======== Supplied entries ========

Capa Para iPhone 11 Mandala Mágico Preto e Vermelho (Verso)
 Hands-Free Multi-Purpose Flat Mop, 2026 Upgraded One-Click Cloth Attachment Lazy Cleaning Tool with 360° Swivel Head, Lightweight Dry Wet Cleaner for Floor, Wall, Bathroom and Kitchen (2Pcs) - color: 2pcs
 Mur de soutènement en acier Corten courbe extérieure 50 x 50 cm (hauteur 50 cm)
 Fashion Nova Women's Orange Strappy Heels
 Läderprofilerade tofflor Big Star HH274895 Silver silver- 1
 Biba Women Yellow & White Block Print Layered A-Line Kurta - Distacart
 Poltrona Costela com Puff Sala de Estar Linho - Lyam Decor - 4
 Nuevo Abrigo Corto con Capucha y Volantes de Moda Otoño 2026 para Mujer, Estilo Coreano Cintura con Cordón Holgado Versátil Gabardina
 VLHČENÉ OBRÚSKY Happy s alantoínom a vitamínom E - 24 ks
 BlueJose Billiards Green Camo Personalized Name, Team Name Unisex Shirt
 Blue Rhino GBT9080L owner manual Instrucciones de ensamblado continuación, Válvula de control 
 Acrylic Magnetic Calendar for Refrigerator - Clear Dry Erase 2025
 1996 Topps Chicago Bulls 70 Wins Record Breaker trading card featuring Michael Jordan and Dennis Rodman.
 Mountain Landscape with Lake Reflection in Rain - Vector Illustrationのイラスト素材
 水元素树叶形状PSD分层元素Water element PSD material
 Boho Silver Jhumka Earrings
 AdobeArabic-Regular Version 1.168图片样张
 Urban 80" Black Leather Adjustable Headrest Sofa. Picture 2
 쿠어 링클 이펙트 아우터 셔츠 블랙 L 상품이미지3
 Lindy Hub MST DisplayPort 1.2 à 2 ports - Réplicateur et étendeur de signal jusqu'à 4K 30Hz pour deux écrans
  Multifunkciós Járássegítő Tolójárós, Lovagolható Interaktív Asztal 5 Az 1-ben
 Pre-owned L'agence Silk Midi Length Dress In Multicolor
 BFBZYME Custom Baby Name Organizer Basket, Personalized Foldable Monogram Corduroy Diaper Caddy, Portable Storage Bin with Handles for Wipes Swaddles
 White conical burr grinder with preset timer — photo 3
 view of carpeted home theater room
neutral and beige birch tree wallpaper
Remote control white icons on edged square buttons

========

Go through the records and show every line with the string "Personalized" in it.

 BlueJose Billiards Green Camo Personalized Name, Team Name Unisex Shirt
 BFBZYME Custom Baby Name Organizer Basket, Personalized Foldable Monogram Corduroy Diaper Caddy, Portable Storage Bin with Handles for Wipes Swaddles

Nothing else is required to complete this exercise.